Interview de Fabrice Mattatia, à l’occasion de la publication de son nouvel ouvrage : « Droit d’auteur et propriété intellectuelle dans le numérique »

Vous publiez cet ouvrage de vulgarisation de la propriété intellectuelle. Selon vous, quels sont les enjeux de l’accès à la PI pour des dirigeants de TPE/PME?

Contrairement aux apparences, de très nombreuses TPE/PME sont concernées.

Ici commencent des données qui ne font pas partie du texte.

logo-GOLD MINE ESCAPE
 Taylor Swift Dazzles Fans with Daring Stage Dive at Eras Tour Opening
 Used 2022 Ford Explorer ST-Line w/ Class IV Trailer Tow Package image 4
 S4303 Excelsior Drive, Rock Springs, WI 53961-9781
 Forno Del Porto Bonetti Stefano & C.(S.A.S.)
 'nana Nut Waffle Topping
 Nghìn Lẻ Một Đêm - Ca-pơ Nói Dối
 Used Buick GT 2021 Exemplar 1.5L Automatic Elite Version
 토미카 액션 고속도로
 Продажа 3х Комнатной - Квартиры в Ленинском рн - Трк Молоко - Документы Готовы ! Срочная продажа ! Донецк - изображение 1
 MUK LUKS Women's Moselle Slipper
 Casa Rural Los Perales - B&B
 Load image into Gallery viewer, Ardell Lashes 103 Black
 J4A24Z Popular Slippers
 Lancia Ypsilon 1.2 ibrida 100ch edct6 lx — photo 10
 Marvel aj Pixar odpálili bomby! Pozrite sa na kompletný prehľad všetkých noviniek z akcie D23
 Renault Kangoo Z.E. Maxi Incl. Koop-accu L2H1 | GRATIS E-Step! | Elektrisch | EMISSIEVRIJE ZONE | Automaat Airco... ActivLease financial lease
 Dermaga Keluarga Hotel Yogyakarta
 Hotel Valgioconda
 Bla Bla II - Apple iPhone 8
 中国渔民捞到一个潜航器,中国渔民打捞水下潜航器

Dès qu’elles ont un site web et un nom de domaine, elles doivent protéger, contre des concurrents qui voudraient s’approprier leur savoir-faire, ce nom de domaine et le contenu de ce site. Cela concerne aussi bien l’information et les illustrations, que le cas échéant la structure même du site ou de la base de données si elle est originale. Evidemment, l’entreprise doit s’assurer qu’elle détient les droits sur ce qu’elle publie (par exemple pour les illustrations ou les musiques).

Pour son métier, l’entreprise pourra également vouloir utiliser des données publiques ou des licences libres, ou profiter d’une exception au droit d’auteur d’un tiers : elle doit s’assurer qu’elle en a la possibilité.

Si l’entreprise développe des savoir-faire ou des contenus numériques, comme des applications, des logiciels, des bases de données, elle doit également savoir les protéger. La question de la séparation entre les droits du salarié auteur de ces créations, et les droits de son employeur, va se poser. Que se passe-t- il en cas de départ du salarié ? L’entreprise doit enfin connaître les formalités à accomplir pour protéger ses droits, aussi bien préventivement, qu’en cas de contrefaçon.

Votre publication s’adresse également aux juristes non spécialisés. Pourquoi un juriste doit-il désormais intégrer les bases de la PI et du droit d’auteur ?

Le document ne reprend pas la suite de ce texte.